PROBLEM:
Retype the lines below exactly, but only those from the line that has "In this problem, we" through the line that has "Hi all, today". Omit every picture.

PROVIDED DATA:
·····
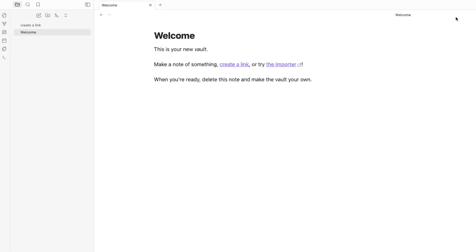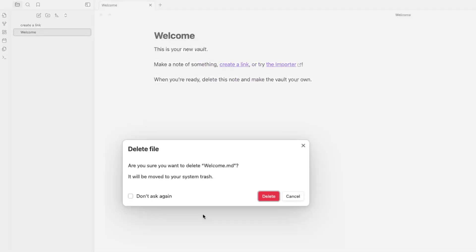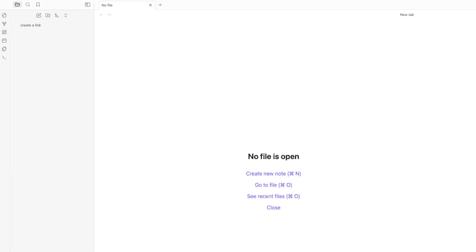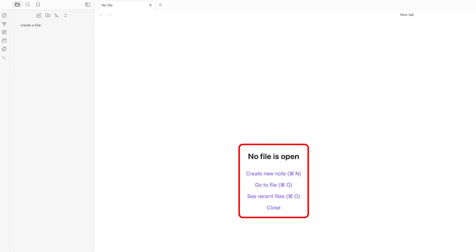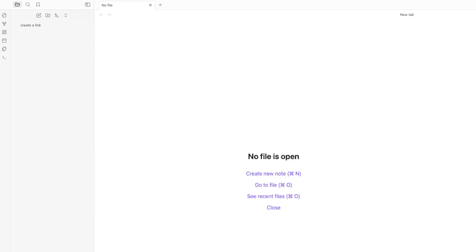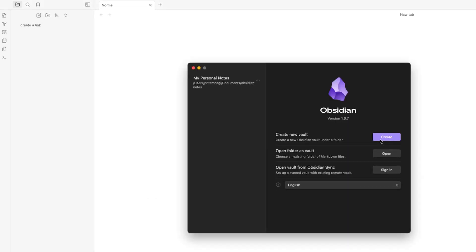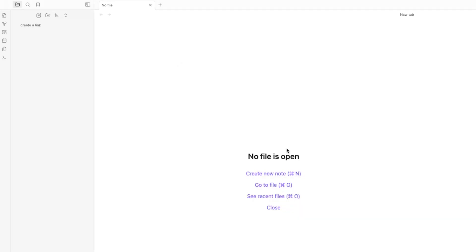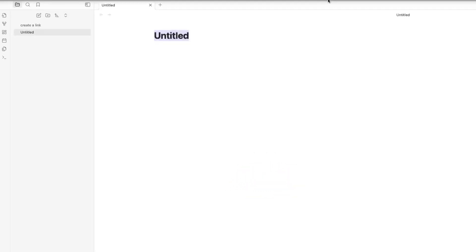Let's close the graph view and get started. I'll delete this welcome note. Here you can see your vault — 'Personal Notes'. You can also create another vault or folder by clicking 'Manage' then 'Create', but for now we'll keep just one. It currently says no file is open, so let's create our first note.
·····
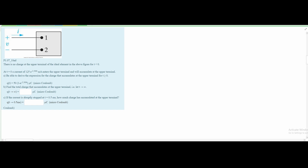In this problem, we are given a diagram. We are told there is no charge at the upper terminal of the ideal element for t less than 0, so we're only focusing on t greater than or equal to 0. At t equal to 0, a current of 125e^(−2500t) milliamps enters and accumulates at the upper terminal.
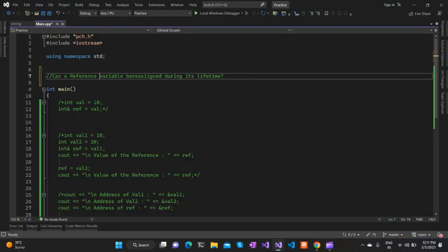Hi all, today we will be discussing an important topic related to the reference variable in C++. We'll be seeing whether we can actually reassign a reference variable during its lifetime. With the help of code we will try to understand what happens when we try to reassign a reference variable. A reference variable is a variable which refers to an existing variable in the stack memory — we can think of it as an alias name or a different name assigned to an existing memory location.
·····
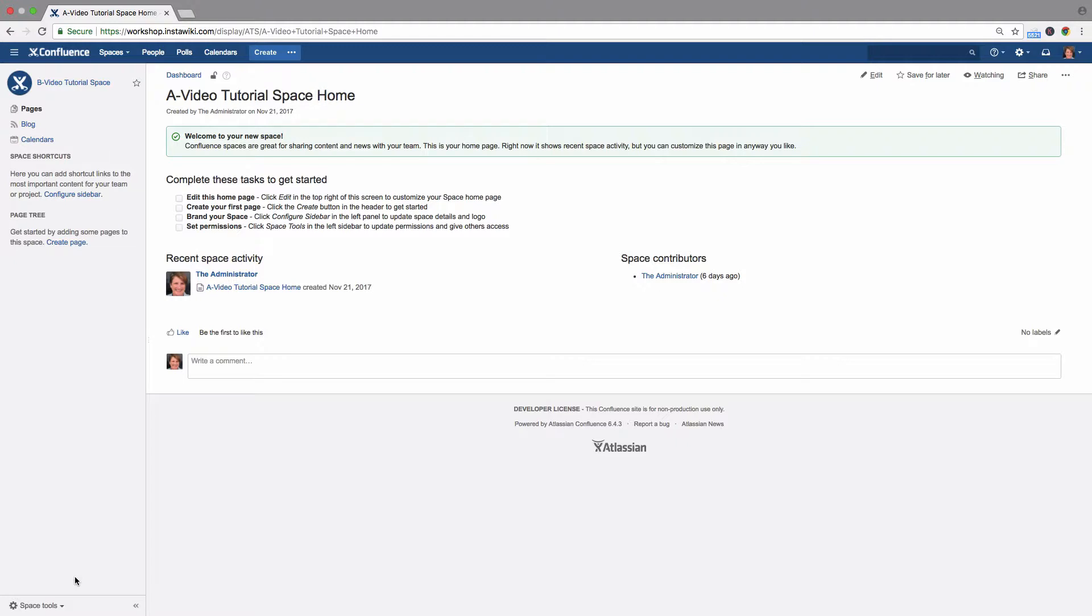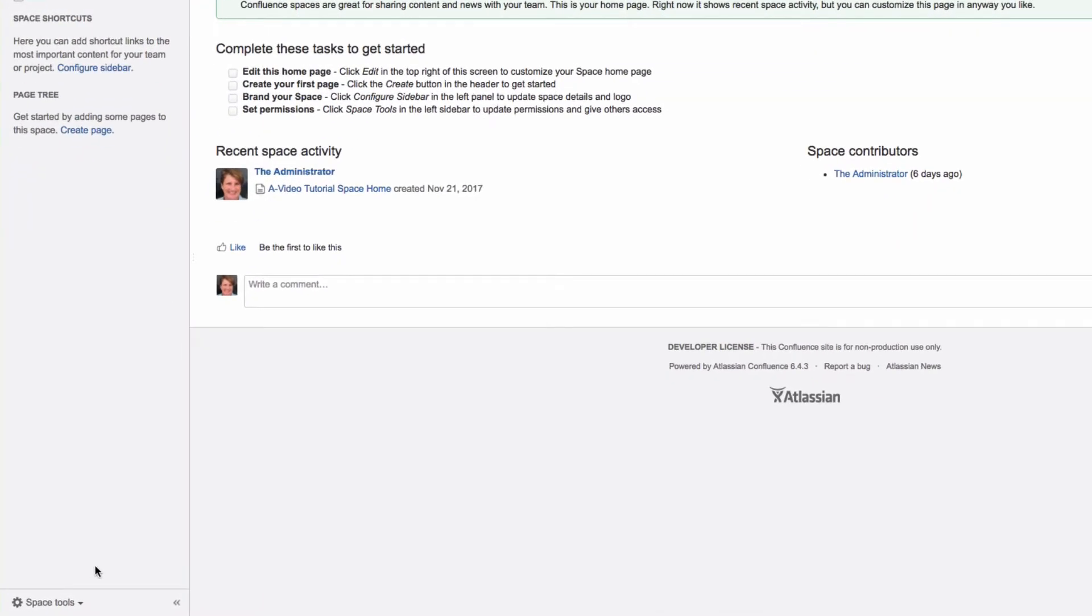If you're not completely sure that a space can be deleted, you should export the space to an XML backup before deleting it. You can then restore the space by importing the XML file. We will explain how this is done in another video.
·····
EXERCISE RESPONSE:
In this problem, we are given a diagram. We are told there is no charge at the upper terminal of the ideal element for t less than 0, so we're only focusing on t greater than or equal to 0. At t equal to 0, a current of 125e^(−2500t) milliamps enters and accumulates at the upper terminal.
Hi all, today we will be discussing an important topic related to the reference variable in C++. We'll be seeing whether we can actually reassign a reference variable during its lifetime. With the help of code we will try to understand what happens when we try to reassign a reference variable. A reference variable is a variable which refers to an existing variable in the stack memory — we can think of it as an alias name or a different name assigned to an existing memory location.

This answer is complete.